The Right Gaming Theory
A lot of people gripe about G/N/S theory (for those of you that don’t know, G/N/S stands for Gamerist, Narrationist, and Simulationalist), and I can partly understand that. I’ve read the original G/N/S essay and the accompanying 124 vital tie-ins that the Forge people said I had to read to get it, but after discussing it with Professor Curtis, I now feel it is a little too elementary for my tastes. Professor Curtis, when he isn’t busy these days working through Philosophy 102 (I guess that’s why he’s the prof and not me, huh?) has a different classification theory for games that I feel works a bit better:
Correctism: Playing the correct games correctly; i.e. exploring deep social and moral themes, self-publishing games, ensuring said games are profound enough. Games in this category: Professor Curtis’ games (inclusive), occasional Forge games.
Pseudo-Correctism: Playing games that are almost correct, but feature some form of combat or don’t explore social themes and issues deeply enough or sacrifice profundity for entertainment.
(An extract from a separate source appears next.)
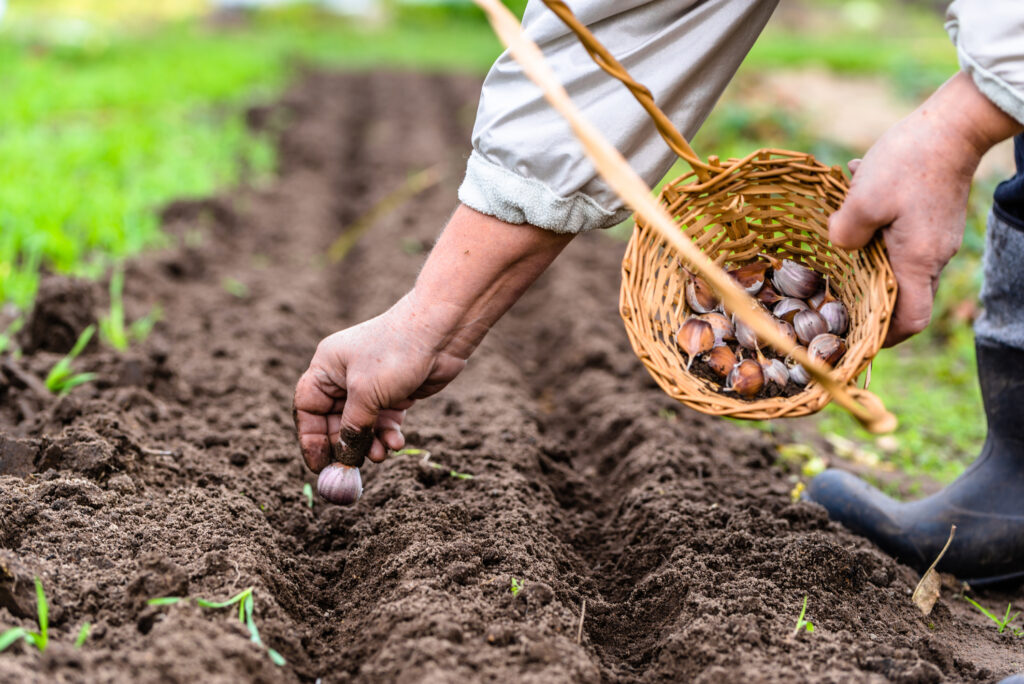 Farmer preparing garlic for planting in the vegetable garden, autumn gardening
Games in this category:
Wrongist: Playing games that are the correct games incorrectly. Examples: having fun killing people in Dogs in the Vineyard, playing or translating Nobilis in plain English.
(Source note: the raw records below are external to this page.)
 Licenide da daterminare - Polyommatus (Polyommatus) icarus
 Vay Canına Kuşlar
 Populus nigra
Bankruptism: Playing games that lead to emotional and/or mental bankruptcy, or discourage people from enjoying more artistically important RPGs. Examples: Anything from Wizards of the Coast, Palladium, Steve Jackson Games, White Wolf (except Exalted, of course), and Hackmaster (which I hate to even be associated with by typing its name out).
Now, any game you play can be defined in those terms, and if you can’t do so, you’re likely doing something wrong.